:: Your assignment ::
When you reproduce the data, keep every word exactly as it stands and leave the pictures out.

**** Material supplied

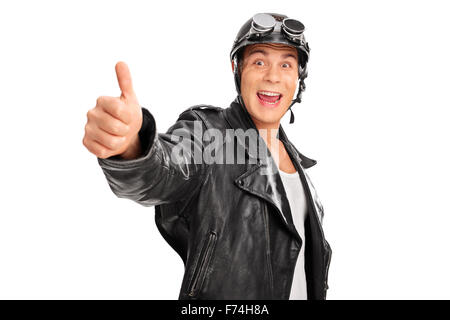 Gioiosa giovane biker con nero giacca di pelle dando un pollice in alto e guardando la telecamera isolata su sfondo bianco Foto Stock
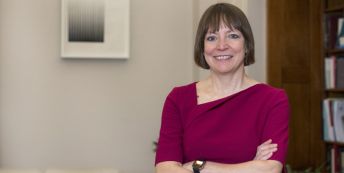 Professor Shearer West standing in an office, smiling and wearing a purple top, her arms folded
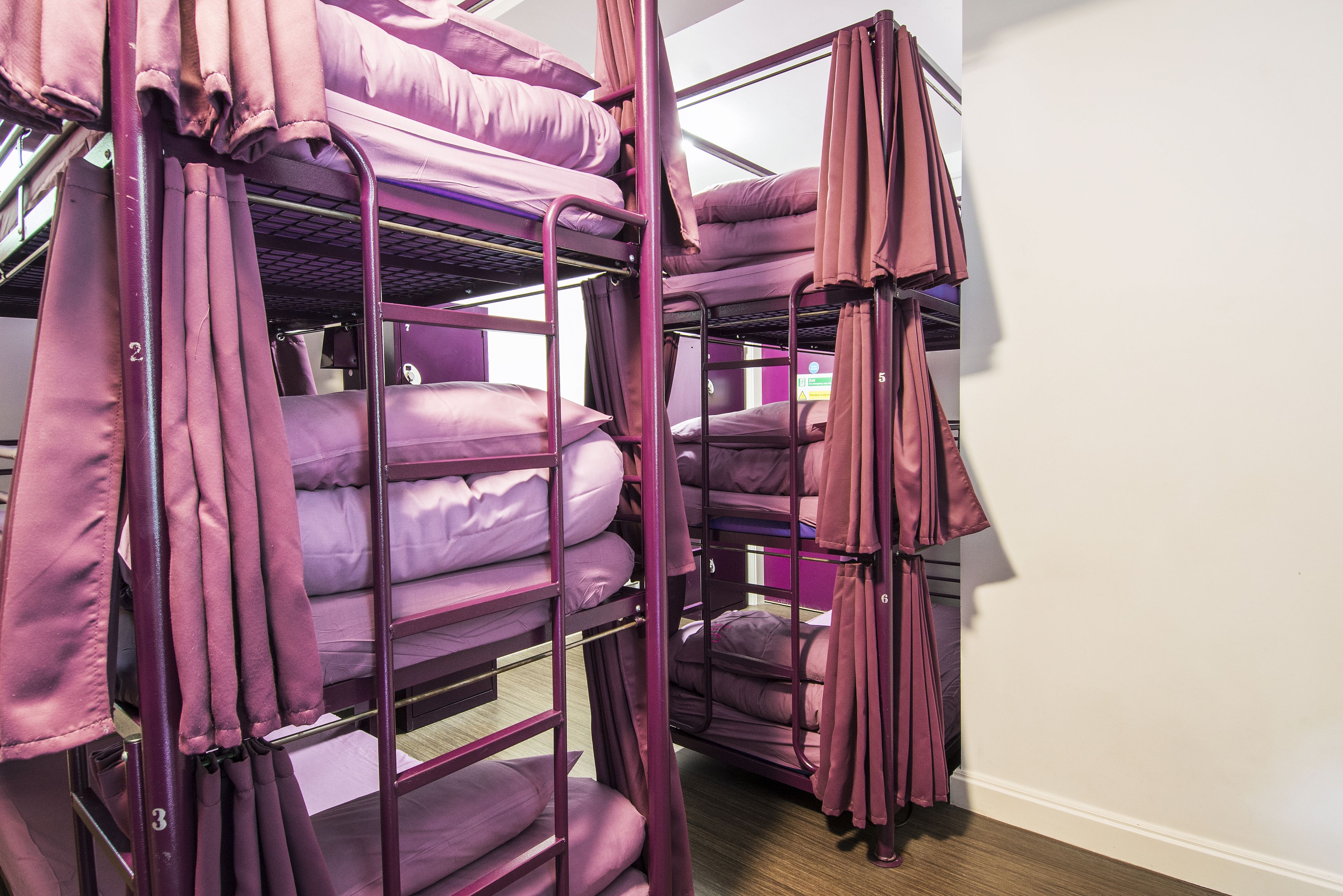 Camera con letto a castello, biancheria viola e tende.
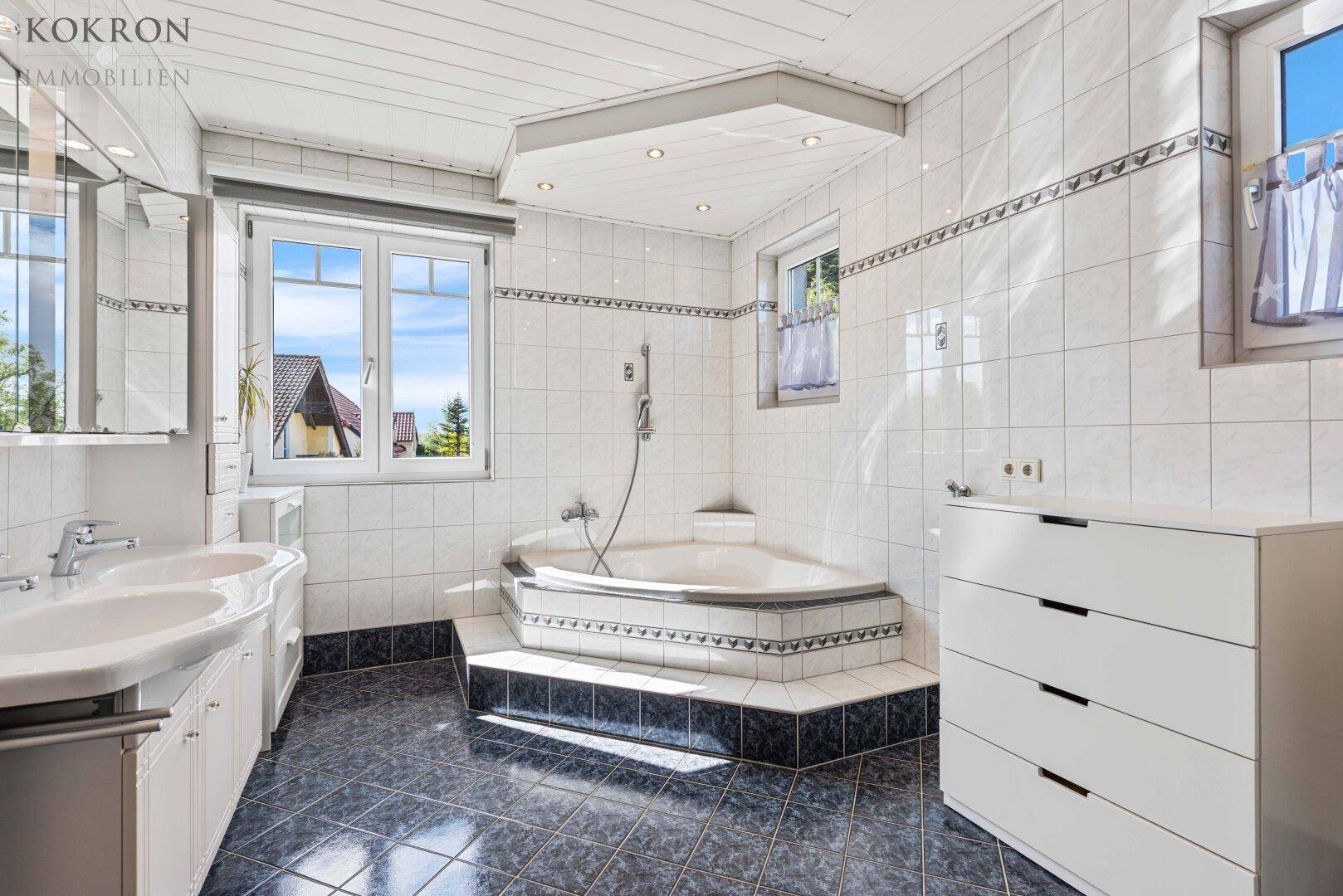 Geräumiges Badezimmer mit Eckbadewanne, Doppelwaschbecken und Fenster für natürliche Belüftung.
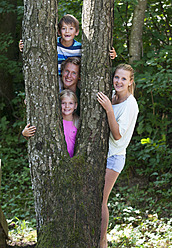 Austria, Portrait of friends standing behind tree trunk, smiling - WWF002734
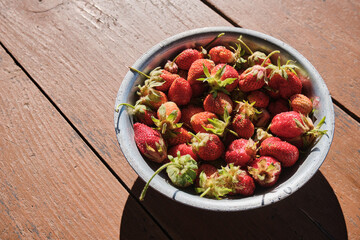 Young strawberries in a metal bowl on a wooden table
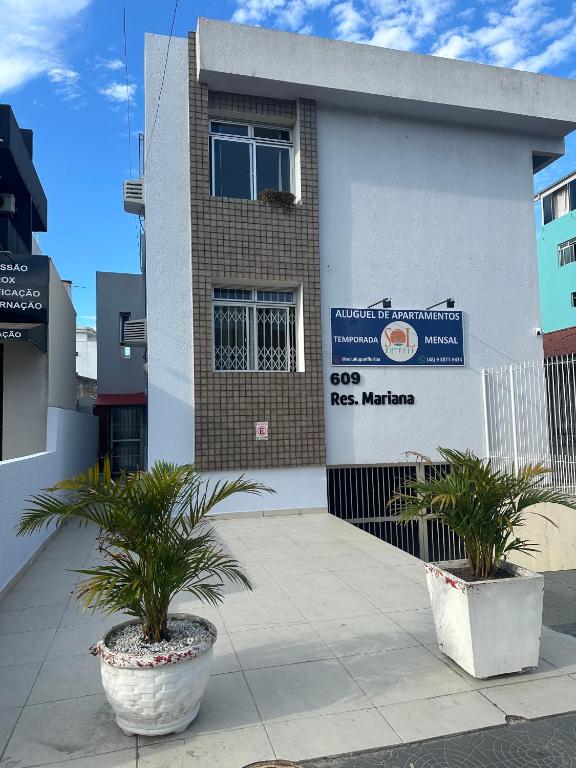 a building with two potted plants in front of it at Sol-datelli Apês Floripa in Florianópolis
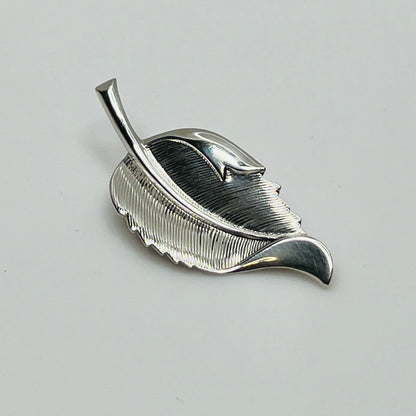 Close-up of sculptural mid-century silver brooch with curved leaf design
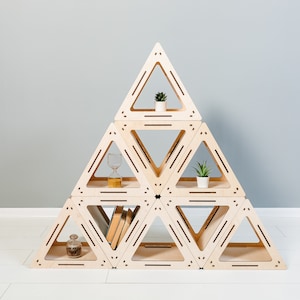 May include: A light-colored wooden triangular shelf unit, assembled in a pyramid shape. The shelves contain small potted plants, books, a decorative bottle, and an hourglass. The unit is on a white floor against a gray wall.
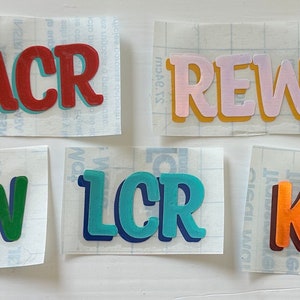 May include: Five different vinyl stickers with names written in colorful, bold, 3D letters. The names are ACR, REW, JJW, LCR, and KER.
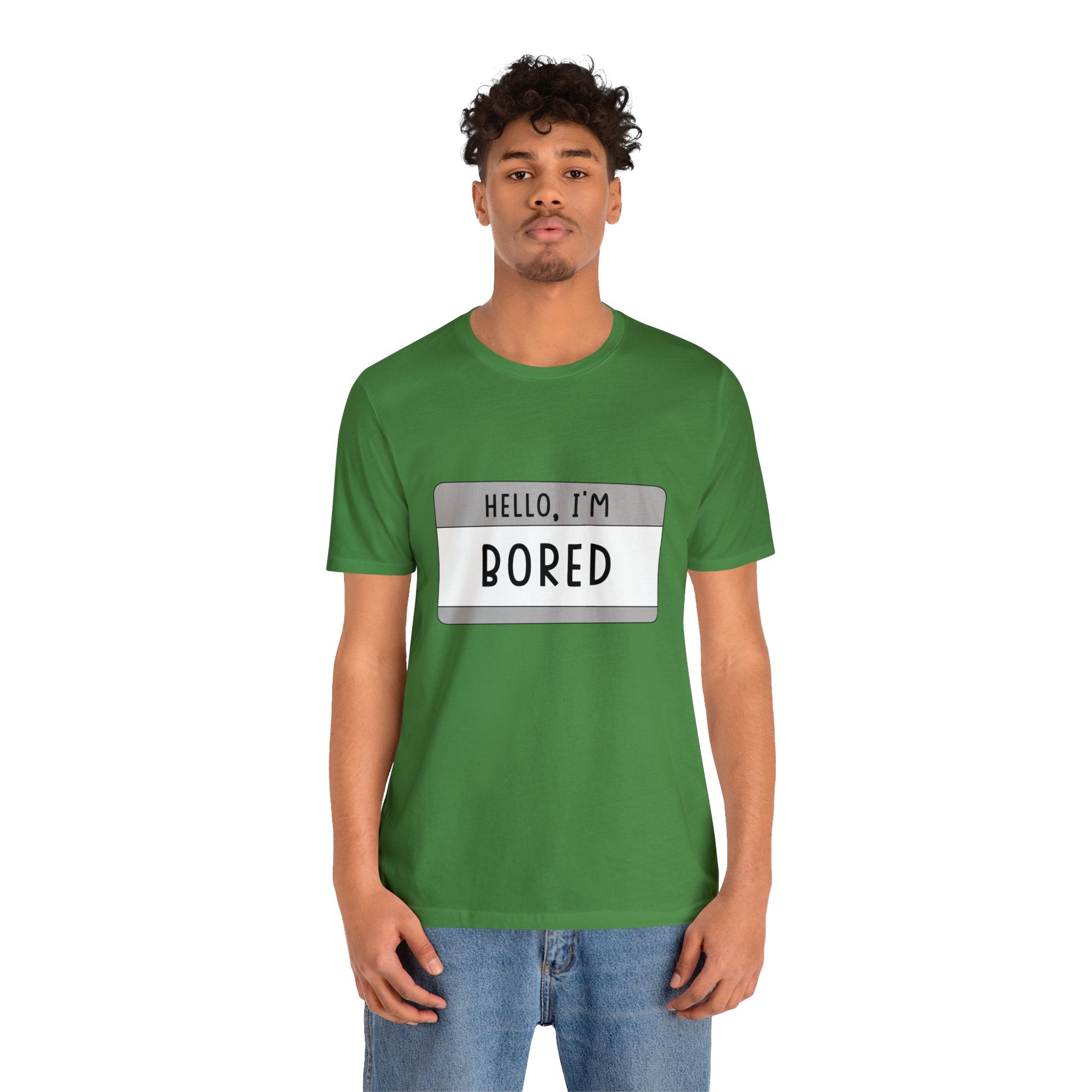 A man in a green tee-shirt reading "Hello, I'm Board T-Shirt".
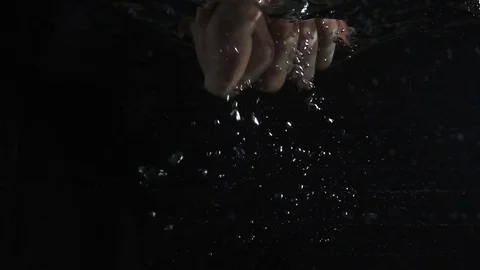 Hand taking something from water Video stock 71601530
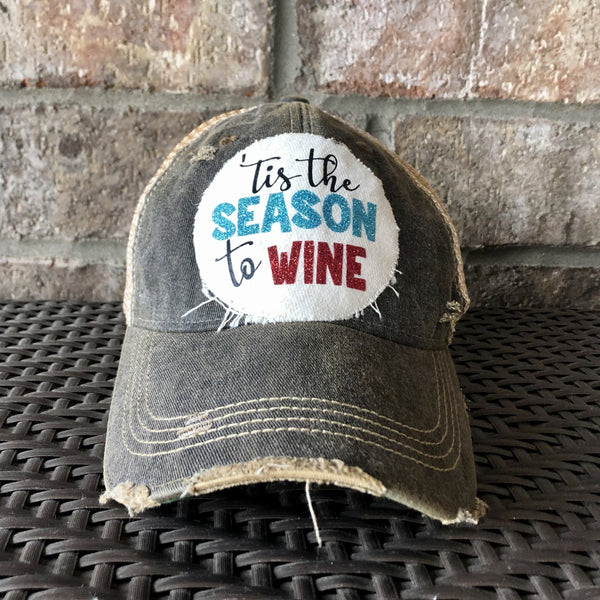 Tis the Season to Wine hat by BohoGroove with black script lettering, blue glitter Season lettering, and red glitter Wine lettering on a distressed off-white custom patch on a black vintage distressed snapback.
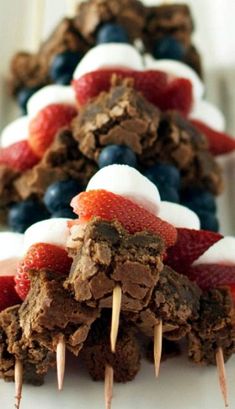 desserts are arranged on sticks with strawberries and blueberries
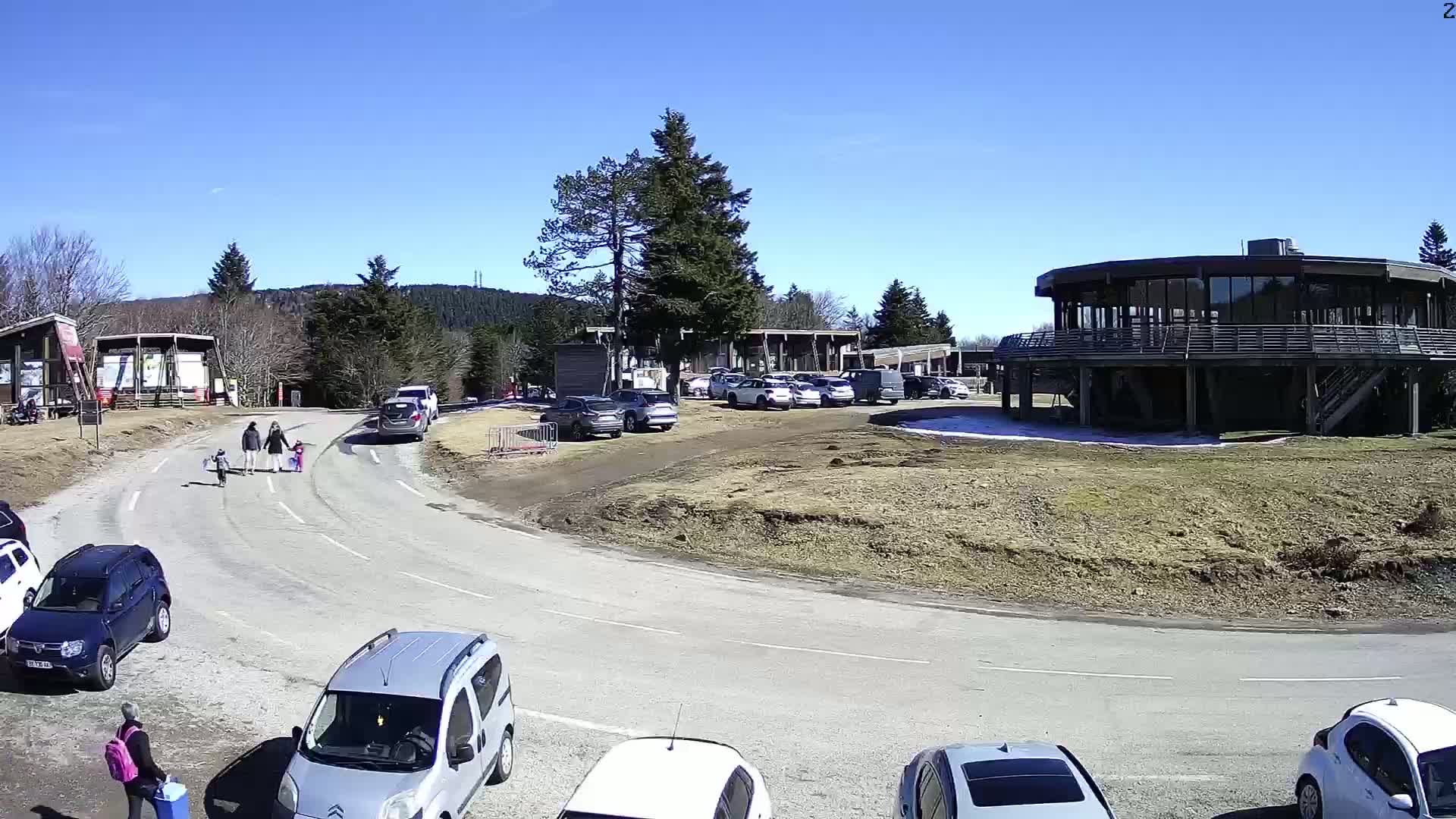 A sunny day reveals a parking lot with several cars near a circular building and a family walking with children.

********

:: Task solution ::
 Gioiosa giovane biker con nero giacca di pelle dando un pollice in alto e guardando la telecamera isolata su sfondo bianco Foto Stock
 Professor Shearer West standing in an office, smiling and wearing a purple top, her arms folded
 Camera con letto a castello, biancheria viola e tende.
 Geräumiges Badezimmer mit Eckbadewanne, Doppelwaschbecken und Fenster für natürliche Belüftung.
 Austria, Portrait of friends standing behind tree trunk, smiling - WWF002734
 Young strawberries in a metal bowl on a wooden table
 a building with two potted plants in front of it at Sol-datelli Apês Floripa in Florianópolis
 Close-up of sculptural mid-century silver brooch with curved leaf design
 May include: A light-colored wooden triangular shelf unit, assembled in a pyramid shape. The shelves contain small potted plants, books, a decorative bottle, and an hourglass. The unit is on a white floor against a gray wall.
 May include: Five different vinyl stickers with names written in colorful, bold, 3D letters. The names are ACR, REW, JJW, LCR, and KER.
 A man in a green tee-shirt reading "Hello, I'm Board T-Shirt".
 Hand taking something from water Video stock 71601530
 Tis the Season to Wine hat by BohoGroove with black script lettering, blue glitter Season lettering, and red glitter Wine lettering on a distressed off-white custom patch on a black vintage distressed snapback.
 desserts are arranged on sticks with strawberries and blueberries
 A sunny day reveals a parking lot with several cars near a circular building and a family walking with children.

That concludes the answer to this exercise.